Criminal guilt—that affects just a few, not me; it does not concern me.

Moral guilt—I hear that my conscience alone has jurisdiction, others have no right to accuse me. Well, my conscience is not going to be too hard on me. It wasn’t really so bad; let’s forget about it, and make a fresh start.

Metaphysical guilt—of that, finally, I was expressly told that none can charge it to another. I am supposed to perceive that in a transmutation. That’s a crazy idea of some philosopher. There is no such thing. And if there were, I wouldn’t notice it. That I needn’t bother with.

Our dissection of the guilt concepts can be turned into a trick, for getting rid of guilt. The distinctions are in the foreground. They can hide the source and the unity. Distinctions enable us to spirit away what does not suit us.

Collective Guilt

Having separated the elements of guilt, we return in the end to the question of collective guilt.

Though correct and meaningful everywhere, the separation carries with it the indicated temptation—as though by such distinctions we had dodged the charges and eased our burden. Something has been lost in the process—something which in collective guilt is always audible in spite of everything. For all the crudeness of collective thinking and collective condemnation we feel that we belong together.

In the end, of course, the true collective is the solidarity of all men before God. Somewhere, everyone may free himself from the bonds of state or people or group and break through to the invisible solidarity of men—as men of goodwill and as men sharing the common guilt of being human.

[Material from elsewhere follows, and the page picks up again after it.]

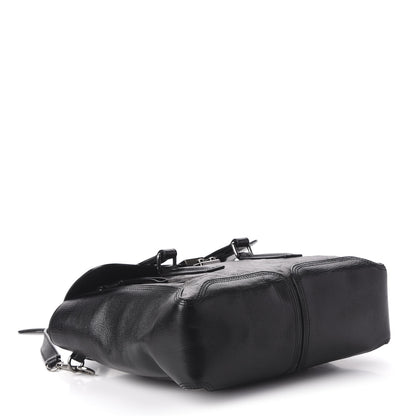 3.1 Phillip Lim 3.1 Turtle Embossed Medium Pashli Satchel Black 4 of 10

But historically we remain bound to the closer, narrower communities, and we should lose the ground under our feet without them.

POLITICAL LIABILITY AND COLLECTIVE GUILT

First to restate the fact that all over the world collective concepts largely guide the judgment and feelings of men. This is undeniable. In the world today the German—whatever the German may be—is regarded as something one would rather not have to do with. German Jews abroad are undesirable as Germans; they are essentially deemed Germans, not Jews. In this collective way of thought political liability is simultaneously justified as punishment of moral guilt. Historically such collective thought is not infrequent; the barbarism of war has seized whole populations and delivered them to pillage, rape and sale into slavery. And on top of it comes moral annihilation of the unfortunates in the judgment of the victor. They shall not only submit but confess and do penance. Whoever is German, whether Christian or Jew, is evil in spirit.

This fact of a widespread, though not universal, world opinion keeps challenging us, not only to defend ourselves with our simple distinction of political liability and moral guilt but to examine what truth may possibly lie in collective thinking. We do not drop the distinction, but we have to narrow it by saying that the conduct which made us liable rests on a sum of political conditions whose nature is moral, as it were, because they help to determine individual morality. The individual cannot wholly detach himself from these conditions, for—consciously or unconsciously—he lives as a link in their chain and cannot escape from their influence even if he was in opposition. There is a sort of collective moral guilt in a people’s way of life which I share as an individual, and from which grow political realities.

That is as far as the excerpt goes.